How To Preach So That Listeners May Truly Hear
Posted by Simon Vibert, 5 Oct 2018
Simon Vibert explores the role of hearing the word of God in preaching, in this excerpt from an article in the latest edition of Churchman
“Whoever has ears to hear, let them hear” (Mark 4:9; Matt 11:15; 13:9,43; Luke 8:8b)
With the overall goal and desire of allowing the word of God to penetrate the minds and hearts of hearers through the preaching of the Word, this article will cover the following the areas: We learn why hearing is important from a brief look at relevant biblical texts. We will consider how to hear a sermon in a brief literature review. We then turn to a particular slice of history, namely Puritan writers who have given thought as to how to hear a sermon. Finally, there are lessons from contemporary experience, including a brief survey. Conclusions for hearers and implications for preachers, then follow.

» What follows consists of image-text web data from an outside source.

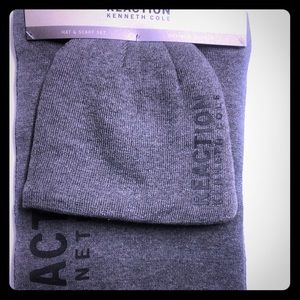 Kenneth Cole Reaction sweater hat and scarf set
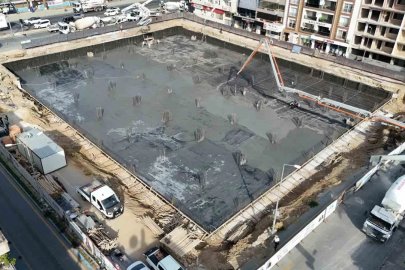 İncirliova Cumhuriyet Meydanı ve Yeraltı Otoparkı projesinde çalışmalar sürüyor
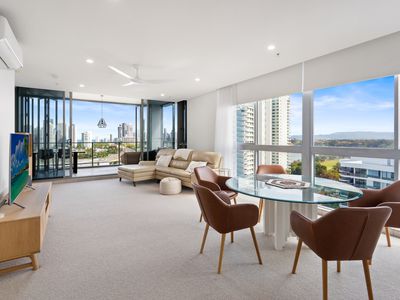 1601 / 4 COMO CRESCENT, Southport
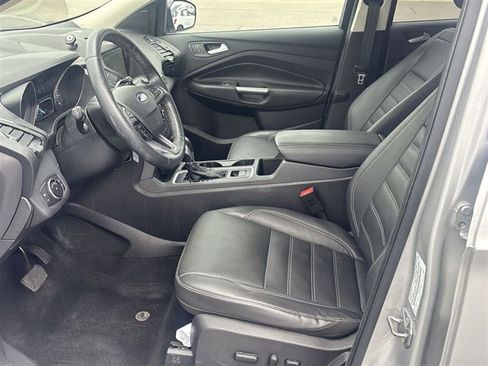 Used 2018 Ford Escape SEL AWD/4WD image 17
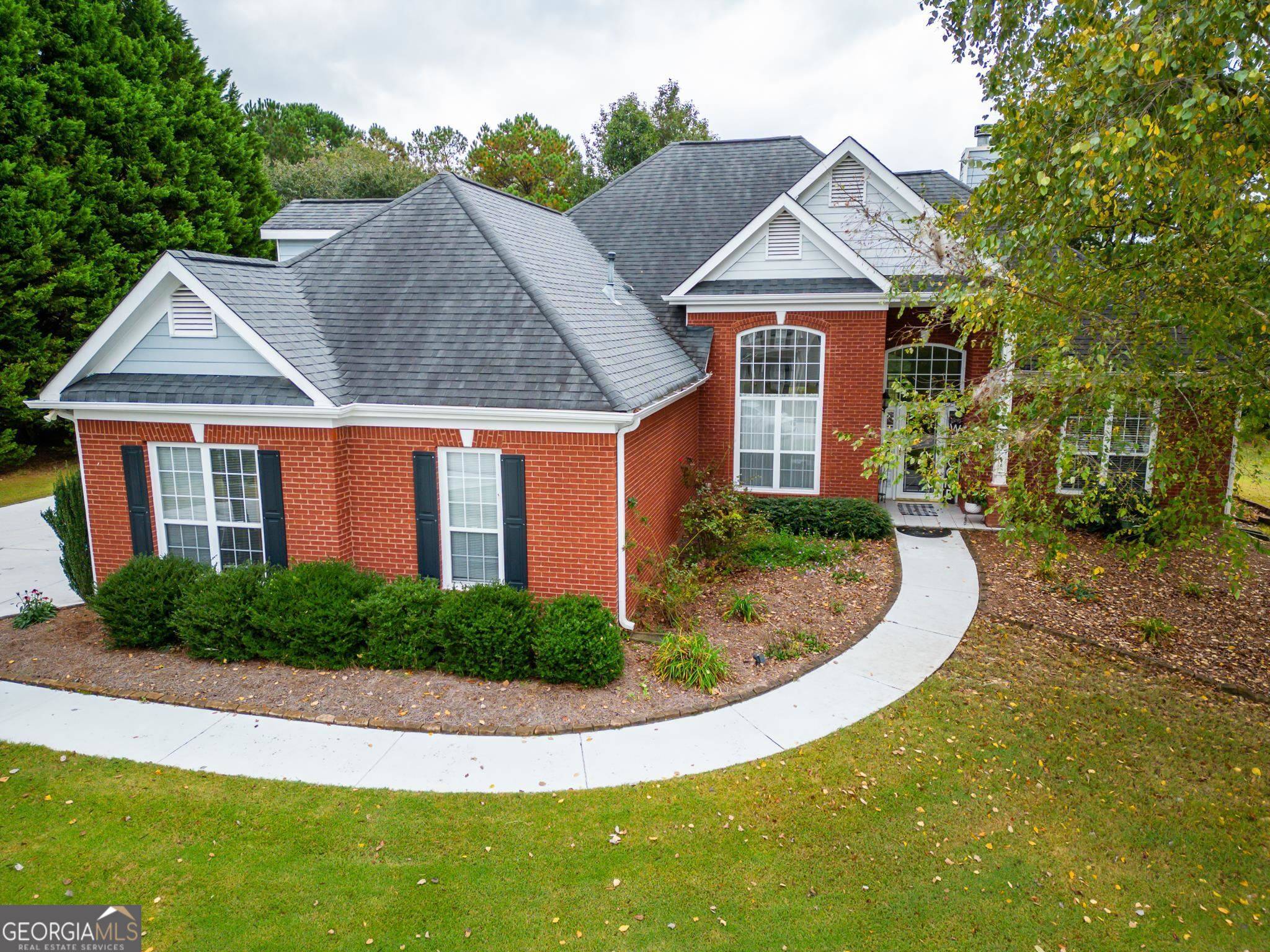 1040 Pebble Bend DR, Grayson, GA 30017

Why We Need to Hear the Word of God
In his explanation of the parable of sower and seed, Jesus makes a number of assumptions about the necessity of fruitful hearing. In Luke’s account we are told, “the seed is the word of God” (Luke 8:11). This alludes to the power of the word of God: as the Kingdom of God is proclaimed, within this message is the potential to produce abundant fruit, albeit only for those who “hear the word, retain it, and by preserving produce a crop” (8:15b). It is worth spending a little more time in the version found in Matthew 13:10ff. We note first that the seed of the word is broadcast (rather than “narrow-cast”). In other words, Jesus assumes that the message of the Kingdom is generously preached to all-comers even knowing that not all will be fruitful. This parable would seem to indicate that it is not the job of the preacher to ascertain the potential fruitfulness of the ground upon which the seed falls, although Matt 10:14 might seem to imply that if there is unfruitfulness then his disciples should move on elsewhere and not pursue ministry where it produces nothing. Nevertheless, the preacher’s job is to sow the seed of the word, with clarity, to ensure good understanding, and with an awareness of the distractions which compete for the hearers’ attention.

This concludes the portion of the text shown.